Em sua defesa, a ANTT argumentou que os contratos originais de concessão não seriam suficientes para se obter prestação adequada do serviço e que eles só definiam metas de produção e de segurança. O TCU, no entanto, não concordou com as explicações, afirmando que a concessão da Malha Oeste foi assinada já na vigência da Lei 8.987/1995.
“A lei é clara a respeito da necessidade de atendimento às condições de regularidade, continuidade, eficiência, segurança, atualidade, generalidade, cortesia na sua prestação do serviço de transporte e modicidade das tarifas, por parte do concessionário”, rechaça o ministro.
A concessão
A antiga Estrada de Ferro Noroeste do Brasil foi a primeira ferrovia a ser concedida à iniciativa privada no processo de desestatização da Rede Ferroviária Federal S.A. (RFFSA), cujo leilão público ocorreu em 5 de março de 1996, por meio do Decreto de 26 de junho de 1996. A Malha Oeste iniciou a operação dos serviços em 1º/7/1996 pelo prazo de 30 anos.
Com 1.973 quilômetros de extensão, a Malha Oeste corta os Estados de São Paulo e Mato Grosso do Sul, onde aparece como a principal alternativa ferroviária para o transporte de produtos, como minério, celulose e grãos.
Além disso, tem potencial estratégico, pois a Malha Oeste permite a integração com países da América do Sul por meio de portos fluviais, além da própria ferrovia, que chega a localidades fronteiriças com a Bolívia e o Paraguai.
Procurada, a concessionária Rumo Malha Oeste divulgou a seguinte nota:
Nota
A concessionária informa que não é parte do processo em trâmite no TCU. Com relação à Malha Oeste, informa que logo no primeiro ano de concessão ocorreu evento fora do seu controle e risco que ocasionou importante desequilíbrio econômico e financeiro do contrato, já reconhecido judicialmente. Tal fato afeta o projeto desde então.
Em razão deste cenário, a Malha Oeste apresentou requerimento de relicitação que foi aprovado em dezembro de 2020 pelo conselho do Programa de Parcerias de Investimentos (PPI), com base na Lei nº 13.448/2017 e no Decreto nº 9.957/2019.

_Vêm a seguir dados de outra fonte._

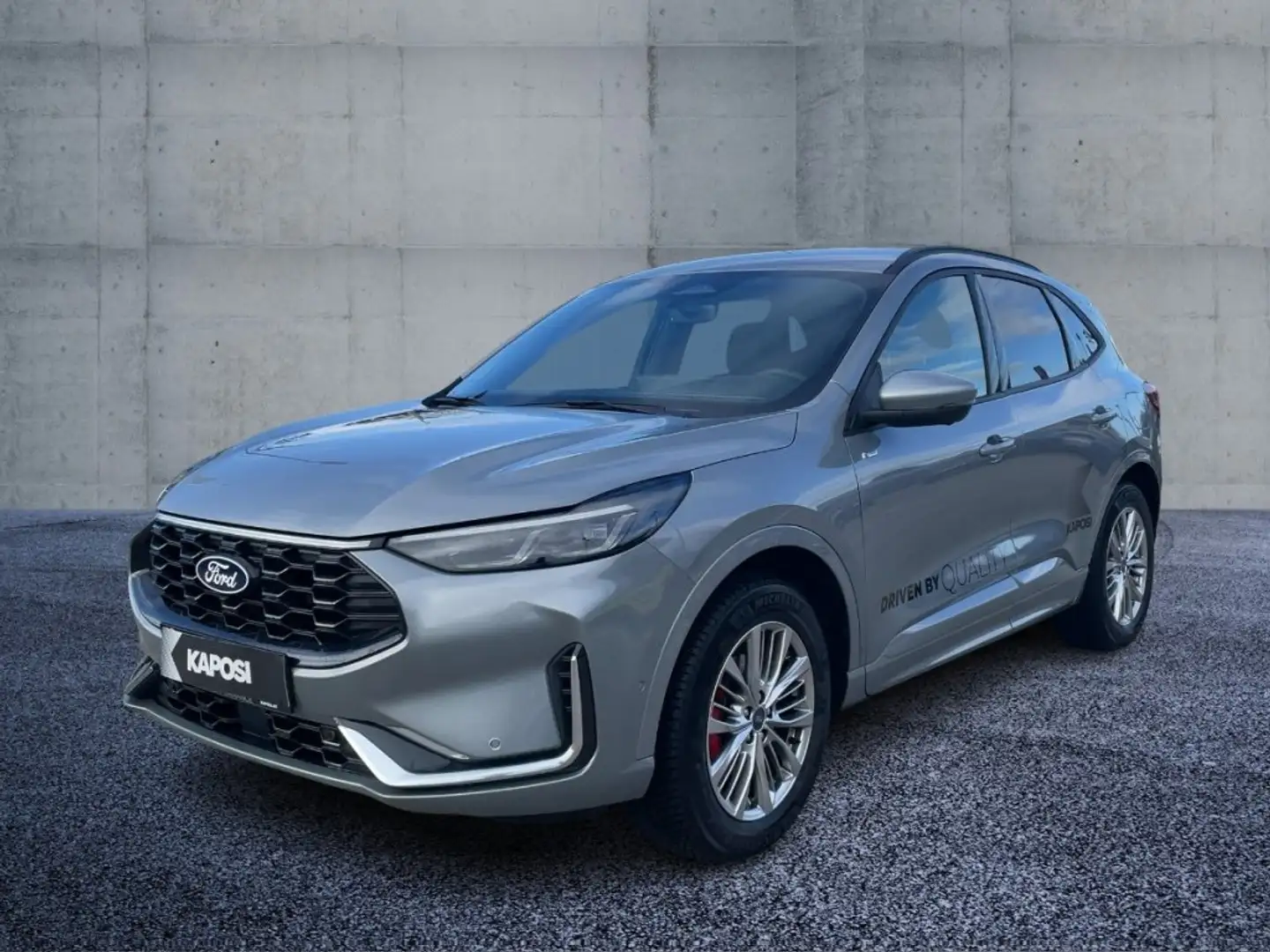 Ford Kuga ST Line X 2,5l FHEV 190PS Aut. Zilver - 1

A relicitação abre caminho para que o poder concedente promova nova licitação, com um novo concessionário assumindo a malha, ou mesmo para que o formato dessa concessão possa ser remodelado pelo governo.
Em decorrência da adesão à relicitação, em maio de 2021 foi assinado um Termo Aditivo ao Contrato de Concessão da Malha Oeste, estabelecendo as condições transitórias de gestão do ativo até que seja realizado o novo certame licitatório.
É importante ressaltar que desde que a Rumo assumiu a concessão da Malha Oeste, em 2015, foram investidos, só na via permanente, mais de R$ 150 milhões, com o objetivo de garantir a segurança da prestação do serviço concedido, bem como o atingimento das metas pactuadas com a ANTT e o atendimento adequado aos usuários da malha concedida.